• _DATA UNDER STUDY_
....................
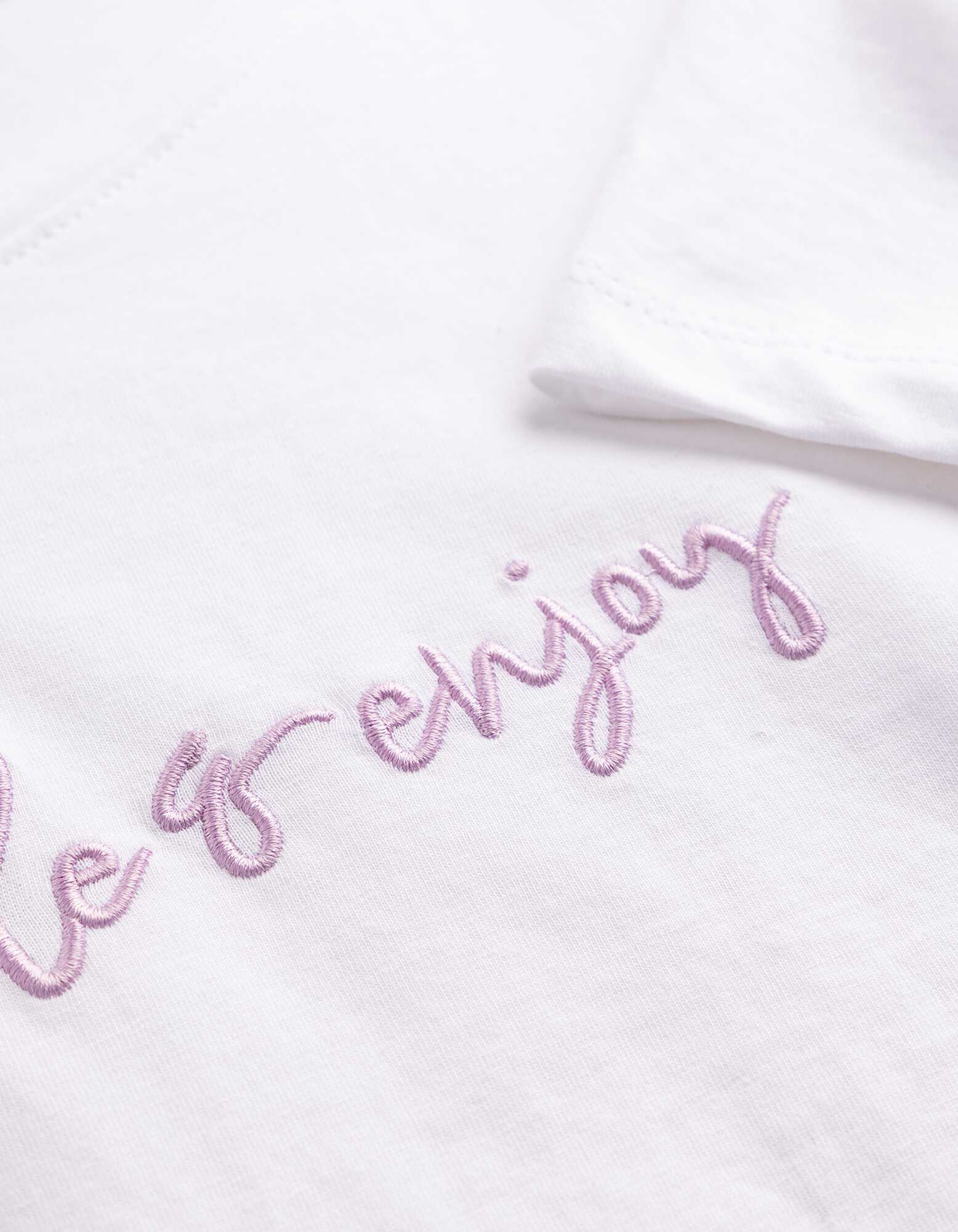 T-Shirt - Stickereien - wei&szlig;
....................
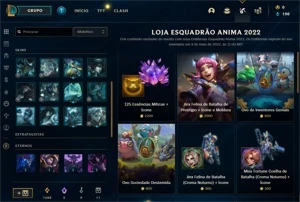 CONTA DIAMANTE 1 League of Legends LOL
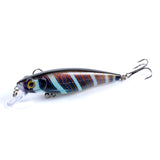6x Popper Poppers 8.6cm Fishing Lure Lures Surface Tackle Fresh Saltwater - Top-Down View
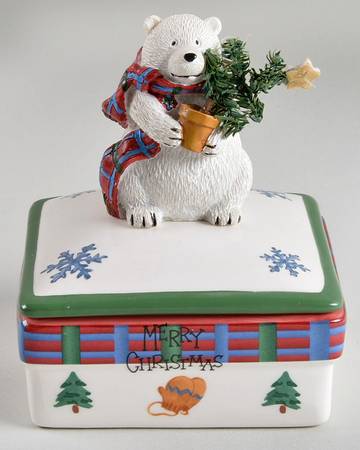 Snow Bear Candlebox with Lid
....................
• _ACTION ITEM_
Exact copy, pictures excluded: every line above from the one containing "CONTA DIAMANTE 1 League of Legends LOL" to the one containing "Snow Bear Candlebox with Lid", inclusive, and nothing more.

• _ANSWER BOX_
 CONTA DIAMANTE 1 League of Legends LOL
6x Popper Poppers 8.6cm Fishing Lure Lures Surface Tackle Fresh Saltwater - Top-Down View
 Snow Bear Candlebox with Lid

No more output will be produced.